The important detail is that the enrollment engine, not DeviceEnroller, now decides what the enrollment state should look like. It writes the next state into the database, sets flags that control future attempts, and records whether the request should be retried. The registry values are no longer calculated from the device. They are simply storage for whatever state the engine determined after talking to the server.

In the old world, the device calculated the timing and wrote the next renewal window.
In the new world, the engine updates the state to reflect what the server told it.

From Pull to PUSH Renewals

All of this raised an obvious question. If the enrollment engine now owns the state, and if the device no longer calculates its own timing window, then what actually triggers the renewal? The scheduled task had been the main driver of the old flow, yet in the new model, it suddenly felt disconnected. The engine could update the state. The server could decide the timing. But the mechanism that actually started the renewal was missing.

The more I kept digging, the more obvious the gap became. The renewal engine was clearly expected to be called from outside. The retry markers looked like server instructions rather than device calculations. The device no longer performed local timing checks. It seemed to be waiting for a signal that the old scheduled task could not provide.

That suspicion remained until a small but important update appeared in the CertificateStore CSP documentation. A new action was added:

./Device/Vendor/MSFT/CertificateStore/MY/WSTEP/Renew/RenewNow

This RenewNow path provided the device with a push-based trigger rather than the old pull-based model. Testing RenewNow confirmed it immediately. The device skipped the scheduler, missed the timing logic, and skipped DeviceEnroller entirely.

It moved straight into the enrollment engine, which sent the request to the Enrollment Service. The server decided whether to proceed with the renewal, and the engine updated the enrollment state accordingly.

The RenewNow CSP explained the missing trigger. The classic pull-based model, where the scheduled task decides when renewal should start, has been replaced with a push-based model where the device is expected to be told by the service when to renew. The scheduled task still exists (but seems to do nothing). The real authority now lives in the CSP layer and the Enrollment Service behind it.

A Side Effect That Reveals the Enrollment Service Design

Once the server becomes the authority, the UPN stored after enrollment becomes relevant again. The old model ignored this value. DeviceEnroller never validated it. Renewal succeeded even when the stored UPN belonged to a domain that no longer existed.

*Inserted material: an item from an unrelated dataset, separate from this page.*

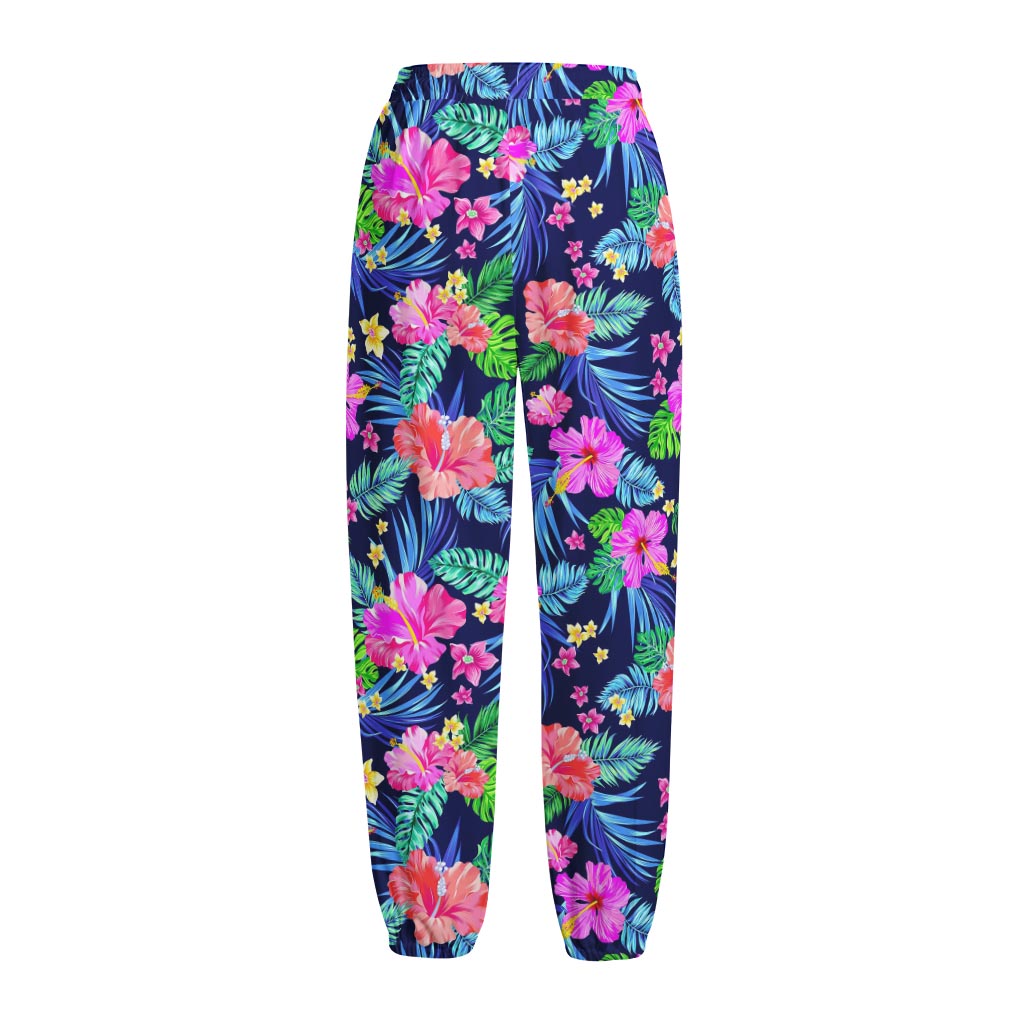 Hawaii Exotic Flowers Pattern Print Fleece Lined Knit Pants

The new design behaves differently. The Enrollment Service now validates identity as part of the renewal request (which makes sense.. because you are only allowed to enroll if you are licensed).

If the UPN in the registry doesn’t match the real user, the server immediately rejects the renewal, even though the device may still sync and check in without issue.

If you want to read the full story, please read this blog

A Structural Shift Rather Than a Minor Adjustment

The transition happened quietly. DeviceEnroller still exists. The scheduled task still runs. The registry still contains the same values. But beneath the surface, the device is no longer really responsible for deciding when renewal should occur. The Enrollment service will send the push and Windows now prepares the request. Once the request is prepared, it will send it back to the Enrollment Service, and update its local enrollment state based entirely on the server’s answer. This gives Microsoft far more control over timing, certificate lifecycles, and future root CA rotations. It also eliminates many of the silent failures caused by relying on device-side logic.

The renewal flow Windows used for years is no longer the active model. The authority has moved. The server decides. And the CSP layer has become the visible doorway into this new world.